By Rebecca Delaney
March 12 - (The Insurer) - UK industry bodies have welcomed the move by the Financial Conduct Authority to scrap its "name and shame" proposals to publish details of firms that are subject to ongoing regulatory investigations.
The FCA confirmed in an update on Wednesday that it will not advance with its proposals, originally revealed in a consultation in February last year, to shift from an exceptional circumstances model to a "public interest test" by announcing investigations into regulated firms before they reach conclusion.
Nikhil Rathi, CEO of the FCA, said: "Considerable concerns remain about our proposal to change the way we publicise investigations into regulated firms, so we will stick to publicising in exceptional circumstances as we do today. We will implement changes which have commanded wider support and which we believe will help support our efforts to protect consumers from harm."
The decision was welcomed by the International Underwriting Association, which had previously voiced criticism of the proposals on the grounds that making publicly available the details of ongoing enquiries into alleged misconduct could lead to market speculation, reputational damage and financial hardship, even if firms are subsequently found to be innocent.

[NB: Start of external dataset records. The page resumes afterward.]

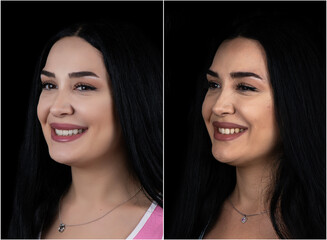 before and after picture of dental treatment by ceramic veneers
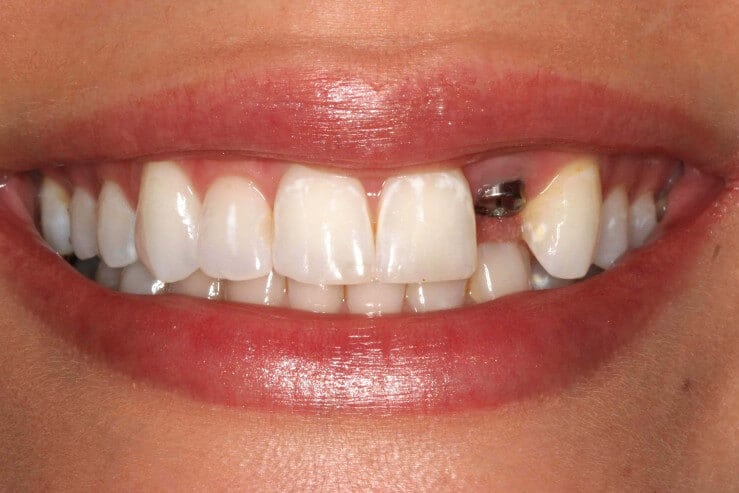 prosthodontics dental implantology sowmya multi speciality dental clinic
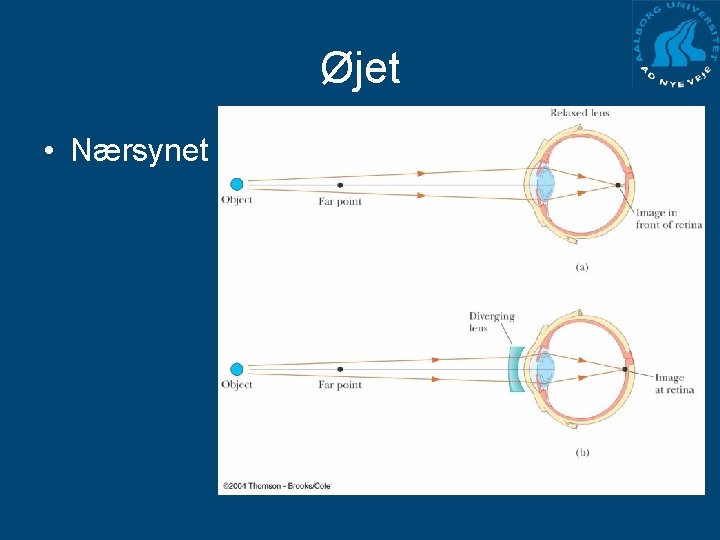 Øjet • Nærsynet 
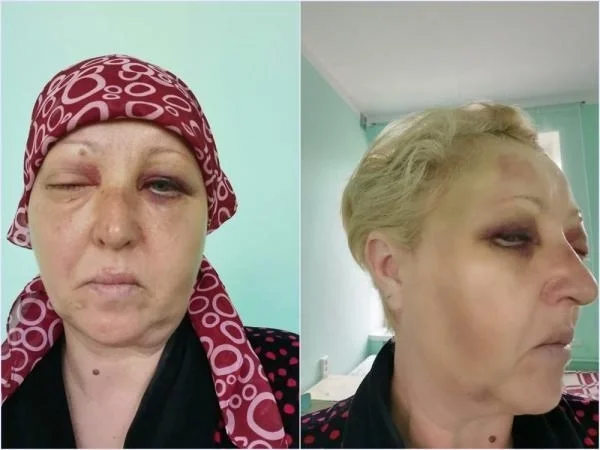 В Ростовской области женщина лишила зрения подругу из- за старой обиды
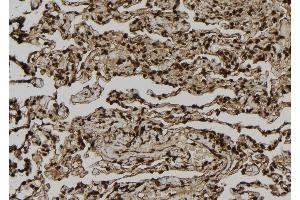 ABIN6261376 and ABIN6277015 at 1/100 staining Human lung tissue by IHC-P.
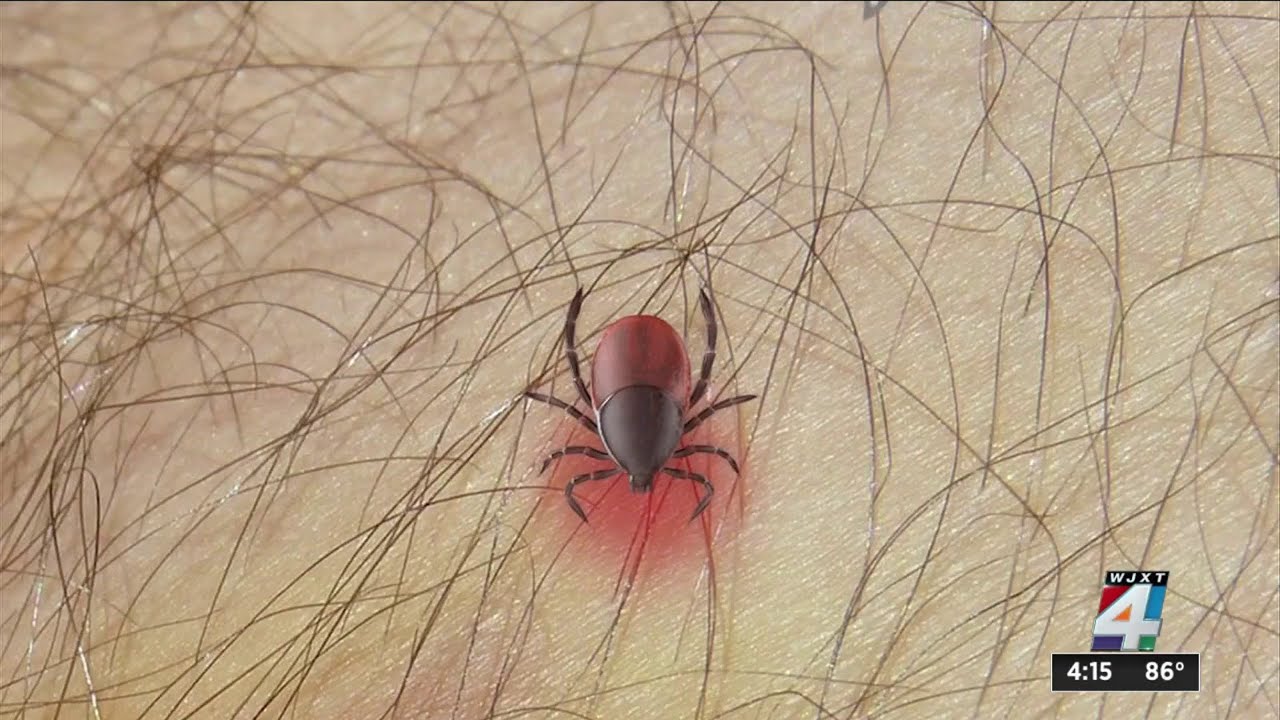 Avoid the blood-sucking bite: Keeping ticks away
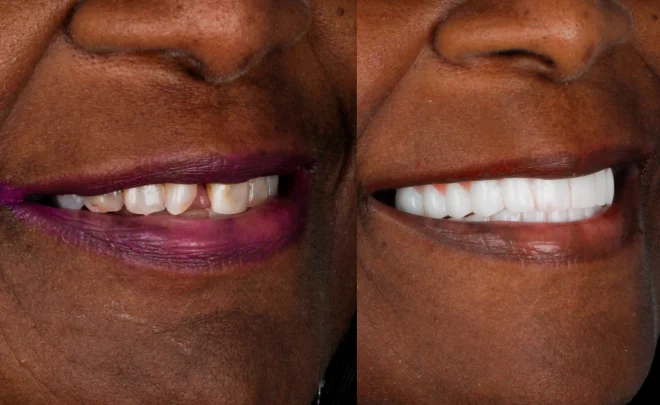 Before and after transformation using All on 4 dental implants for missing teeth.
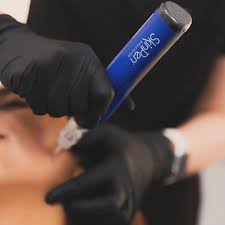 Collagen Induction “Microneedling”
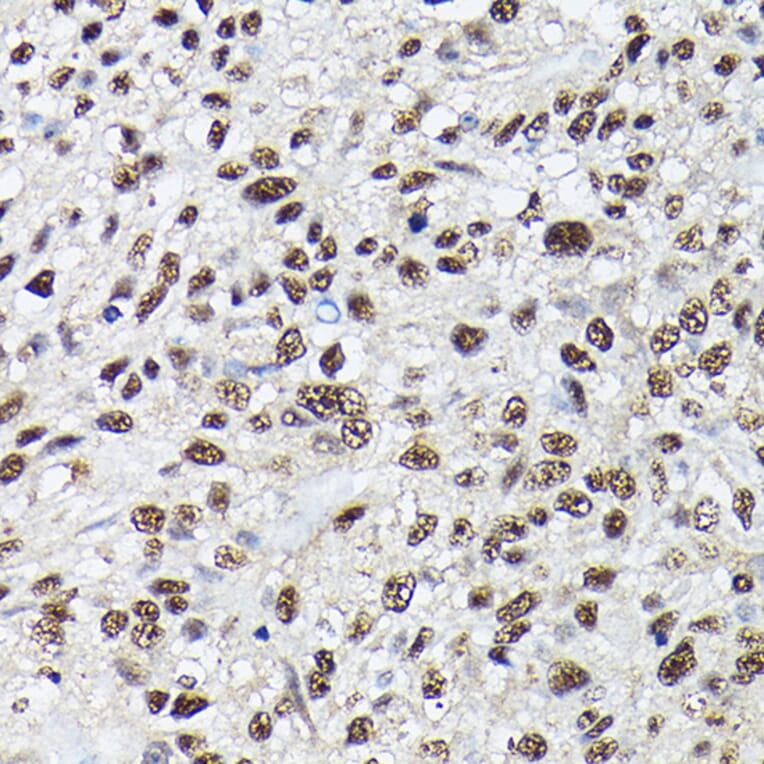 Immunohistochemistry - Anti-SC35 Antibody (A11667) - Antibodies.com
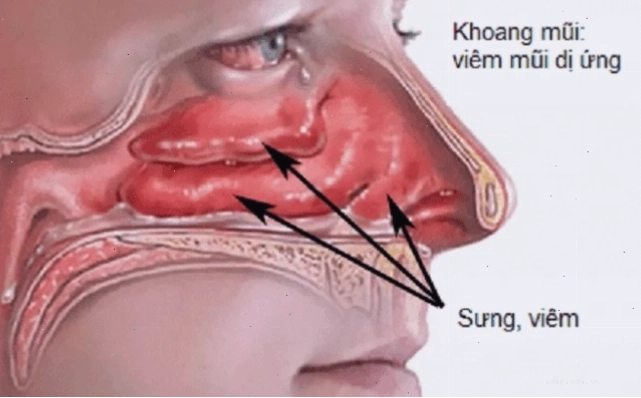 Viêm mũi dị ứng làm tăng nguy cơ xuất hiện polyp mũi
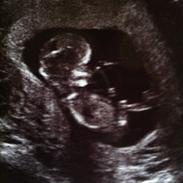 Pige Jolene marie ravn stausholm
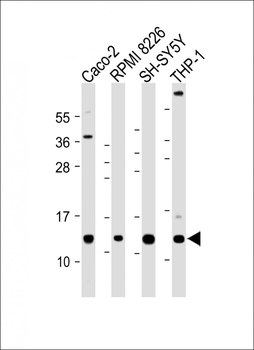 CKS2 Antibody (C-Term)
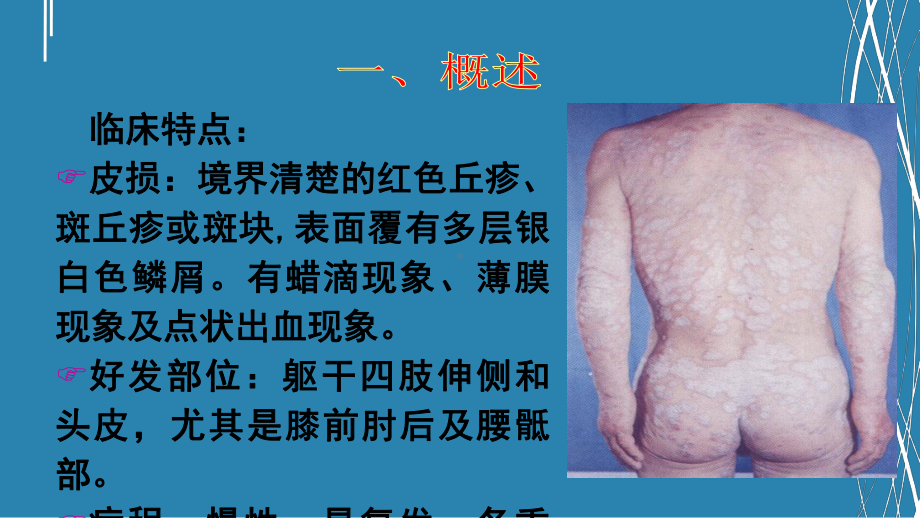 银屑病的膏方应用课件.ppt_第3页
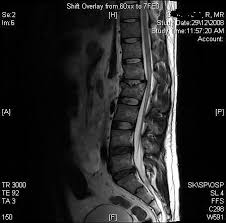 This is commonly seen in ankylotic disorders. L1 And L2 Compression Fracture Spinal Injury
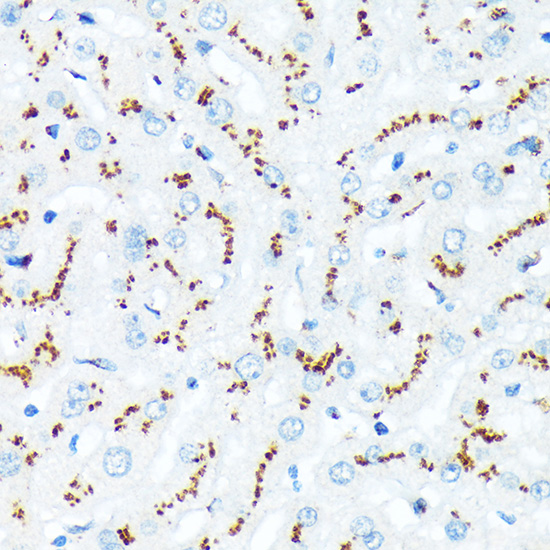 TGN46/TGOLN2 Rabbit mAb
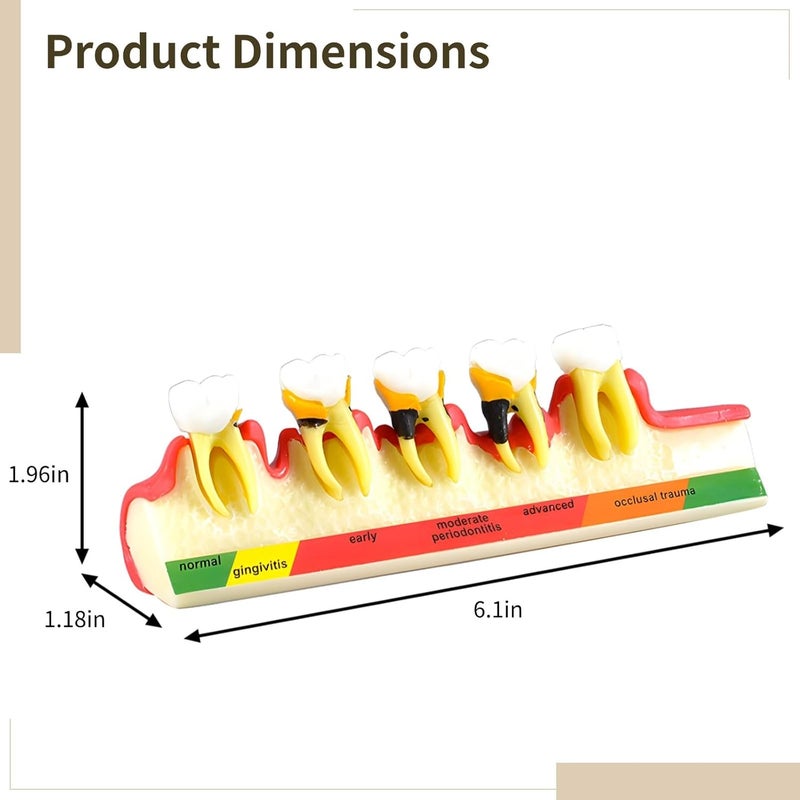 Individual & group usable Tooth Model Showing Periodontal Disease Stages, Resin, 6.1 in Upgraded simple practical design - Image 2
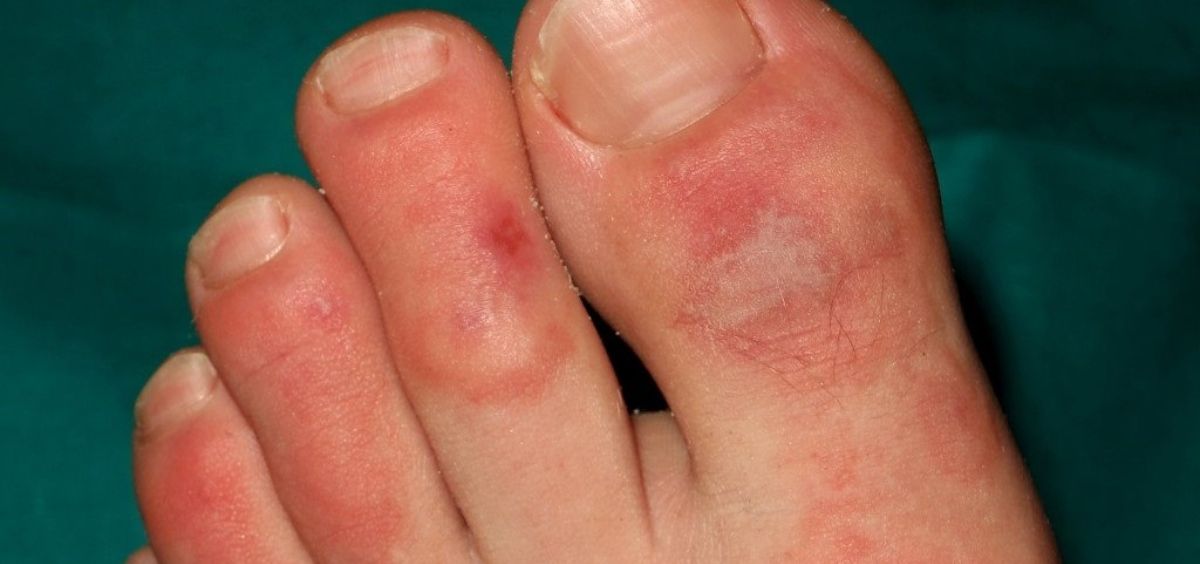 Lesiones dermatológicas en pies (Foto. EP)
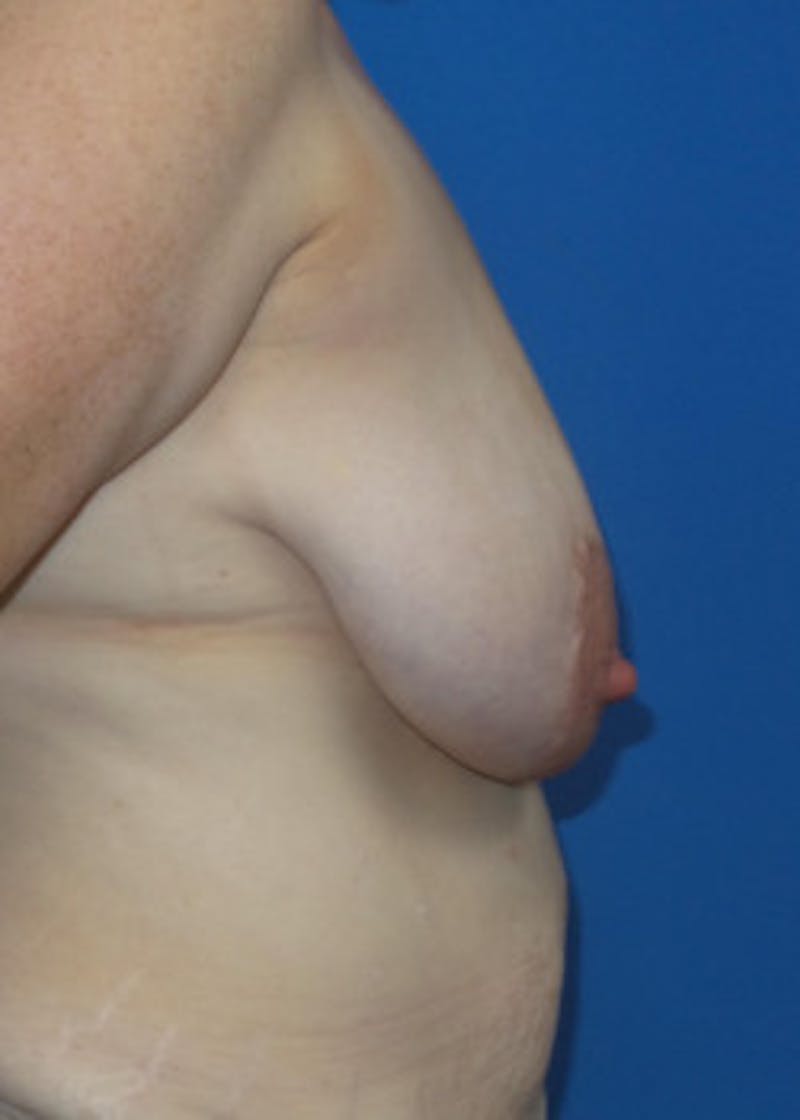 Breast Lift Before & After Gallery - Patient 46620451 - Image 3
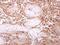 Inosine triphosphatase antibody, NBP1-32494, Novus Biologicals, Immunohistochemistry paraffin image 
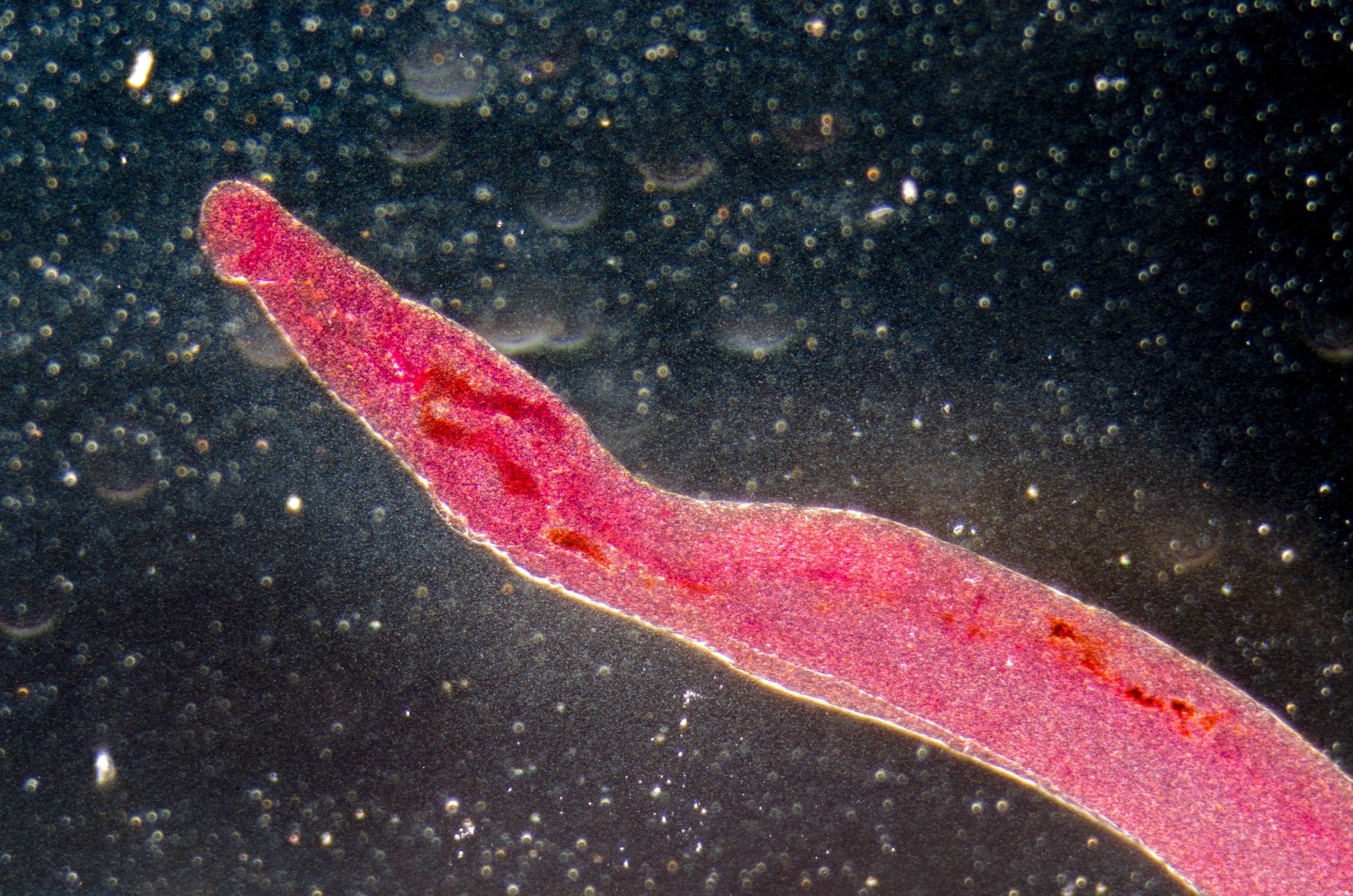 medical microscopy animal parasiteras schistosome blood flukes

Last month, the cross-party House of Lords Financial Services Regulation Committee labelled the watchdog’s plans as an "abject failure" in the most recent public criticism lobbied against the proposals.
"It is good news that the test for publicising investigations will not be altered. We believe that the FCA already has the powers it requires to effectively carry out enforcement action," said Helen Dalziel, director of public policy at the IUA.
Dalziel added that the decision not to go ahead with a public interest test means there is less likelihood of negative publicity creating a prejudicial environment in which guilt is presumed.
"The concept of ‘innocent until proven guilty’ is a fundamental doctrine of criminal law and the mere association with an ongoing investigation could cause substantial harm to a firm’s standing in the market," she continued.
"Many investigations do not actually lead to any enforcement action and so publicising them prematurely would only have eroded, rather than encouraged, trust and confidence in financial services."
The decision was also "extremely welcomed" by the Association of British Insurers.
"We've consistently stressed that this would have had detrimental impacts on consumers, firms, and the reputation of the UK’s regulatory system, so we fully support its decision to drop this approach," said Hannah Gurga, ABI director general.
"We're also pleased to see that its latest proposals are in line with our call for a continuation of its current process, with a small number of additional powers to address specific gaps."
The FCA's statement added that there is support for proposals to reactively confirm investigations already in the public domain, as well as the publication of greater detail of issues under investigation on an anonymous basis.
It said there is also support for public notifications focusing on the potentially unlawful activities of unregulated firms and regulated firms operating outside the regulatory perimeter.
The FCA is due to publish its final policy by the end of June.